*** Data records ***

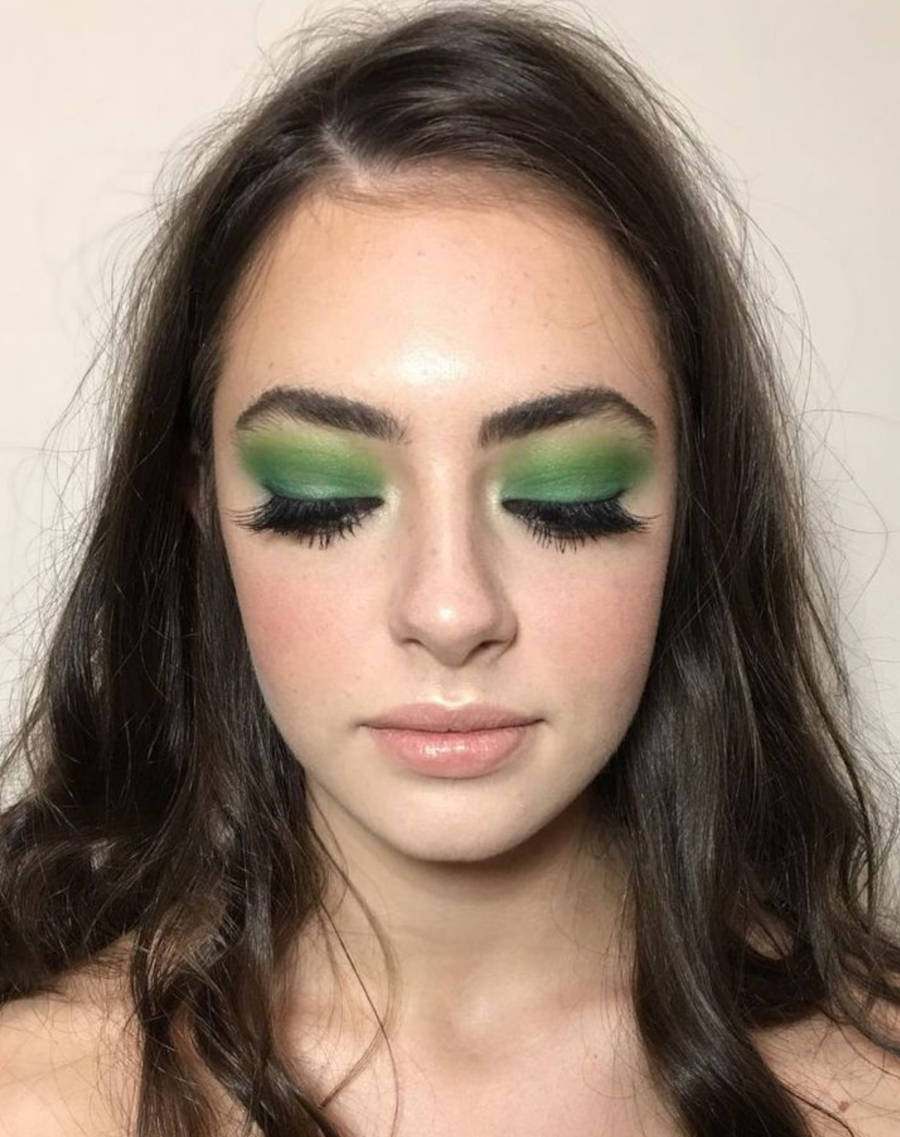 Foto de menina com maquiagem esfumaçada verde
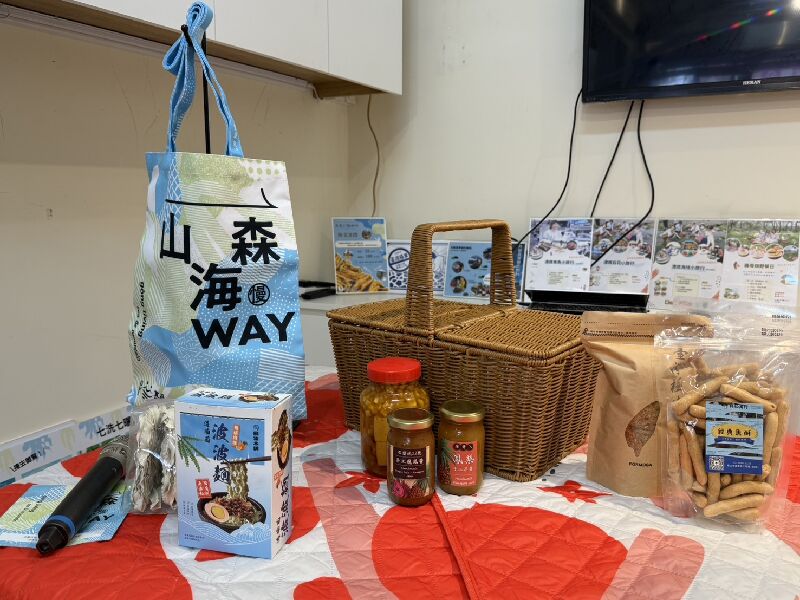 「品味貢寮」串聯在地品牌推出野餐組與各式伴手禮，透過共同品牌行銷貢寮
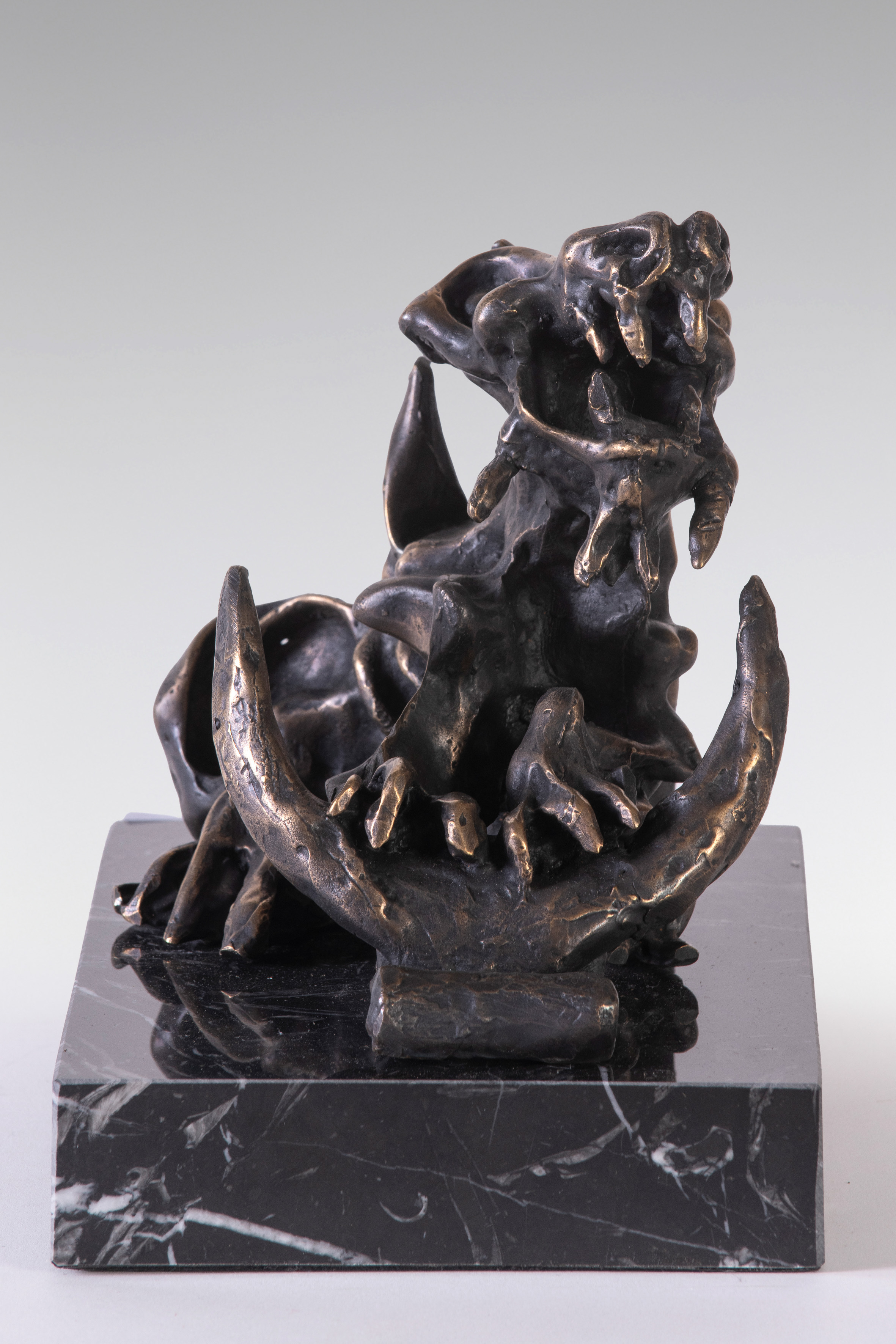 SALVADOR DALÍ (Figueras 1904-1989)
"La grandeza del Islam". c. 1974
Bronce patinado sobre peana de...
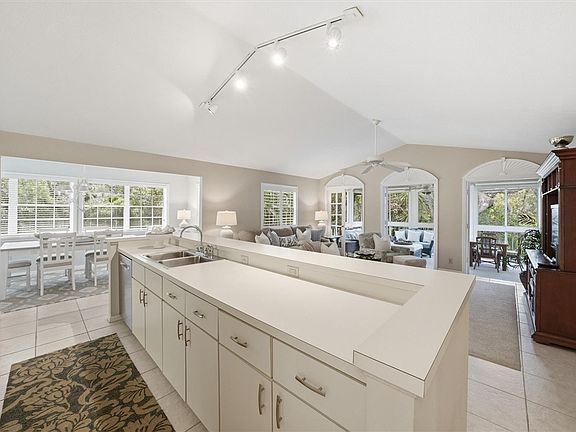 4th image of 1275 Winding Oaks Cir E APT 705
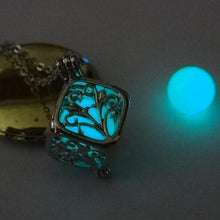 Load image into Gallery viewer, Life Tree Luminous Bright Necklace
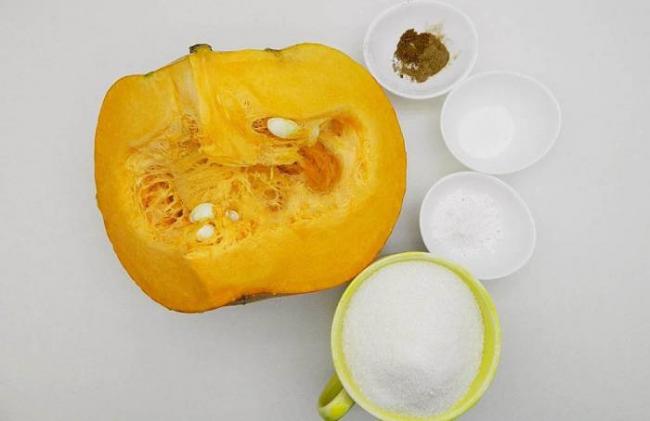 Ингредиенты для приготовления сладкой вяленой тыквы Тыква, сахар и корица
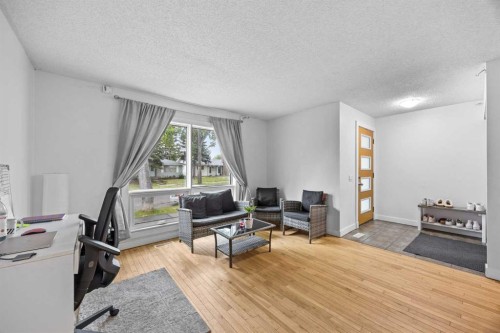 2320 Woodview Drive Sw, Calgary, AB 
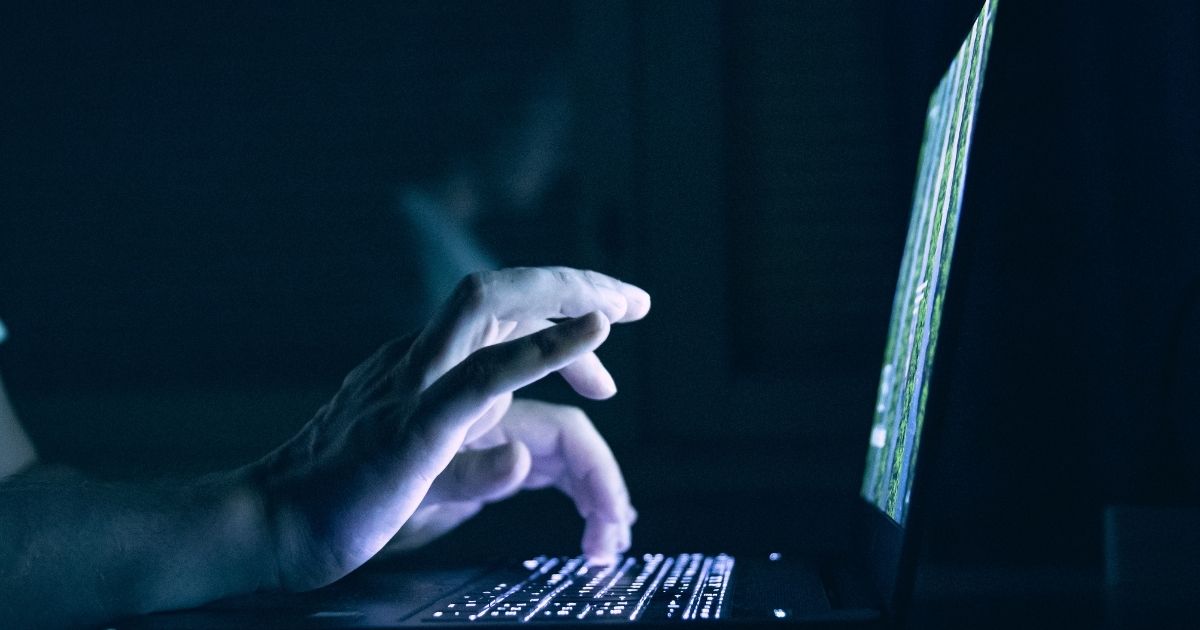 Polícia Federal prende cibercriminoso mais procurado do país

*** End of Data records ***

**Assignment:** Repeat each record verbatim, pictures excluded.

**Exercise result:**
 Foto de menina com maquiagem esfumaçada verde
 「品味貢寮」串聯在地品牌推出野餐組與各式伴手禮，透過共同品牌行銷貢寮
 SALVADOR DALÍ (Figueras 1904-1989)
"La grandeza del Islam". c. 1974
Bronce patinado sobre peana de...
 4th image of 1275 Winding Oaks Cir E APT 705
 Load image into Gallery viewer, Life Tree Luminous Bright Necklace
 Ингредиенты для приготовления сладкой вяленой тыквы Тыква, сахар и корица
 2320 Woodview Drive Sw, Calgary, AB 
 Polícia Federal prende cibercriminoso mais procurado do país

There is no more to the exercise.